Predicarle al coro
Hace no mucho tiempo atrás, los panfletos disfrazados de documentales filmados por Michael Moore generaban bastante ruido. Moore era conocido por todo el mundo como un (supuesto) paladín de la verdad, un periodista arriesgado y subversivo que no temía enfrentarse a quien fuera en su cruzada por la causa justa de turno. Se llenaban salas, vendía libros, aparecía en los noticieros. Hasta le daban premios, confirmando de paso que de arriesgado y subversivo no tenía un gramo, y Bowling for Columbine (2002) se llevaba el Oscar a Mejor Documental unos años antes de que Farenheit 9/11 (2004) obtuviera la Palma de Oro de Cannes.

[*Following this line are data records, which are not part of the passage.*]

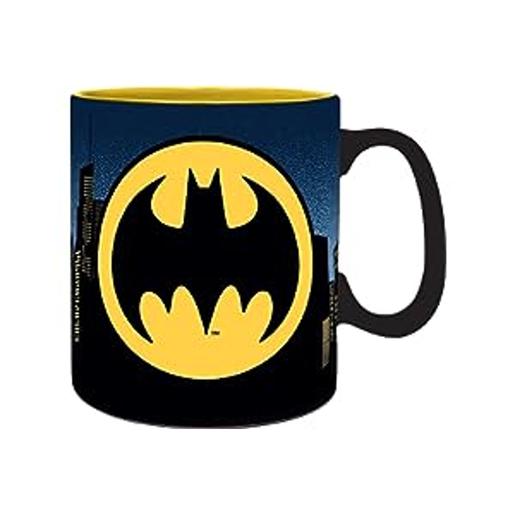 DC Cómics - Batman - Taza multicolor de cerámica Batman caballero oscuro, 460 ml ㅤ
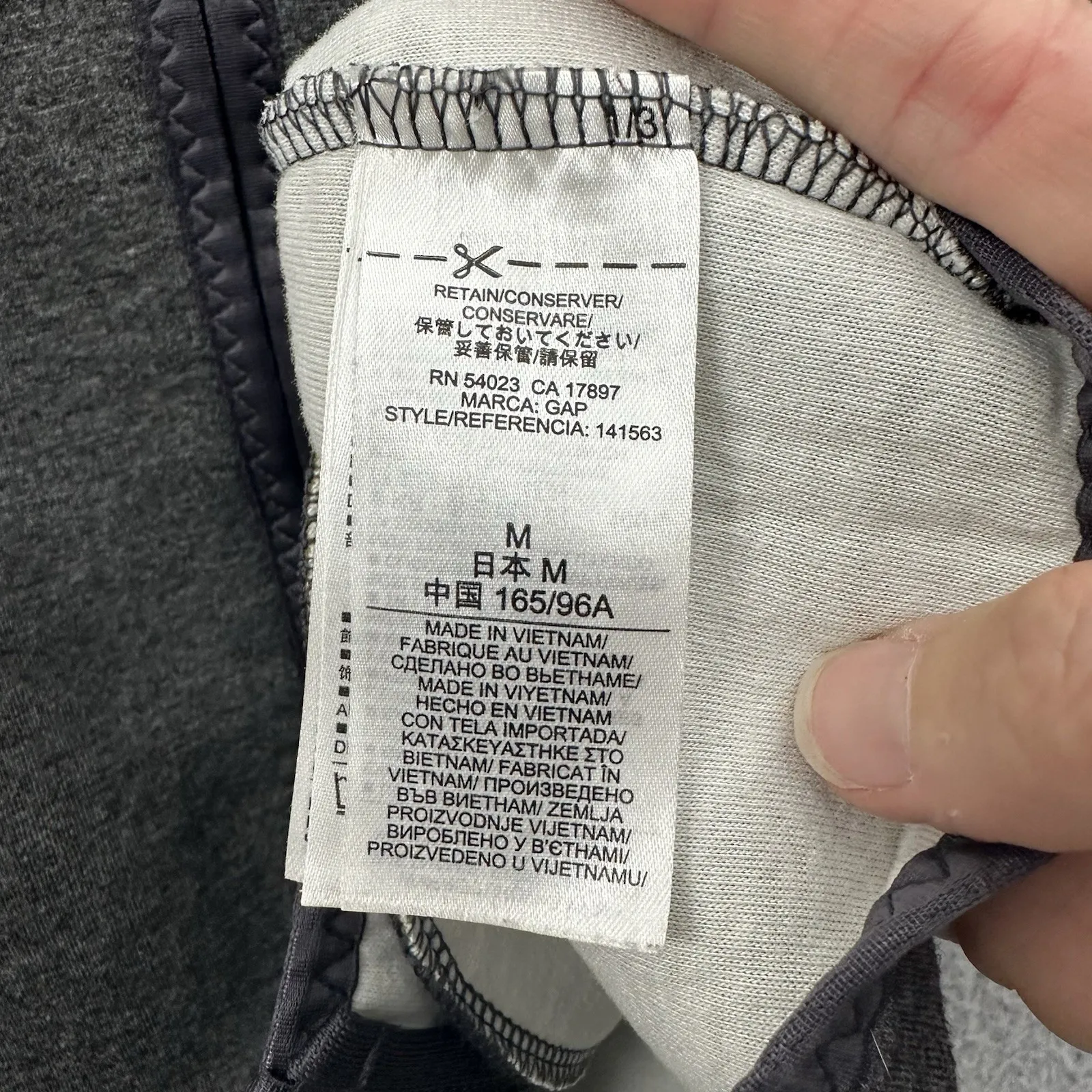 GapFit Scuba Bomber Full‎ Zip Up Jacket Athletic Lightweight Gray Women's Medium - Image 5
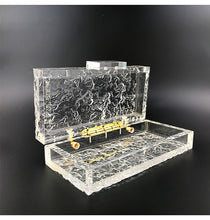Load image into Gallery viewer, Clear Ice Evening Clutch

Ahora se estrena ¿Que invadimos ahora? (2015), una película que, ya sin la urgencia de sus éxitos iniciales, deja todavía más al descubierto las grandes falencias y pocas virtudes de Michael Moore. Más allá de todos sus errores, los temas que Moore elegía en sus primeras películas eran al menos dignos Goliats. La tenencia de armas en USA, la guerra contra el terrorismo y el sistema de salud eran enemigos bien elegidos, incluso si su forma particular de abordarlos era incorrecta. En ¿Que invadimos ahora?, Moore parodia la tendencia americana a la invasión territorial planteando una invasión propia a países “que funcionan bien”, para apoderarse de aquellas buenas medidas que USA carece. Entonces va a Italia y queda fascinado por la cantidad de días de vacaciones, y viaja a Francia a maravillarse por la comida que sirven en las escuelas. Por supuesto que no se ahorra sus típicas trampas y, entre otras, muestra a los niños franceses asqueados por la comida chatarra americana, curioso suceso considerando que Francia figura sexta en la lista de cantidad de sucursales de McDonalds globalmente. Así con varios países, siempre con la superficialidad que lo caracteriza, tomando cada cuestión particular como si existiera en el vacío, incapaz de ahondar en tema alguno. Esta carencia de rigor y de la lógica más básica siempre estuvo en sus películas, pero en este caso se vuelve aún más notoria por la trivialidad de su planteo. El humor, el punto más fuerte de un realizador que no temía burlarse de sí mismo, sigue presente y es el único descanso en medio de tanta irresponsabilidad discursiva.
Moore solía recorrer sus películas con furia e indignación, y aunque fueran más panfleto que documental (porque no buscaba respuestas en el mundo sino que entraba con ellas de antemano y te las tiraba como ladrillazos), lograba llamar la atención sobre problemas reales. Pero ahora ni esa energía le queda y el resultado es una película dirigida para sus acólitos, para los que no necesitan argumentos sino aplausos por lo que ya saben, para los que entran convencidos esperando un nuevo sermón del predicador Michael.